So far this year, Steward Partners has hired 30 advisors overseeing about $3.5 billion in client assets, according to the firm. Last month, the Washington, D.C.-based wealth manager picked up four advisors managing more than $400 million in client assets. That group opened Steward Partners' 12th office, in Paramus, New Jersey.

By exiting the Broker Protocol, wirehouses could make it more difficult for advisors to make career changes by attempting to legally enforce non-solicitation agreements.

But while that might discourage some brokers from leaving, it will not necessarily end all advisor moves, industry insiders say, noting that brokers made career changes before the protocol was created in 2004.

It's unclear if other firms will exit the accord. Merrill Lynch and Wells Fargo have previously declined to comment. Raymond James, which has more than 7,000 advisors, has defended the industry agreement.

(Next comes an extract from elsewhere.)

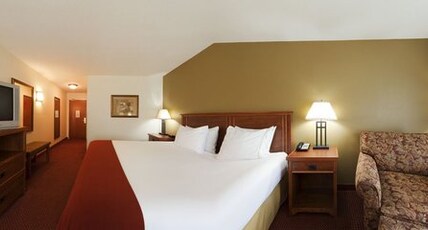 Holiday Inn Express Hotel & Suites Weston Room Type - 1 King Standard Comm Access Roll Shower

Steward Partners CEO Jim Gold says his firm is bracing itself for whatever comes.

"I think what will really be important is that advisors be very well prepped by the firm they are joining so they know what's allowed, not allowed and how they can avoid becoming the victim of a [temporary restraining order]," Gold says.

"At Steward Partners, we are moving quickly. We've had calls with protocol attorneys. We'll be rolling out for 2018 our non-protocol transition playbook," he adds.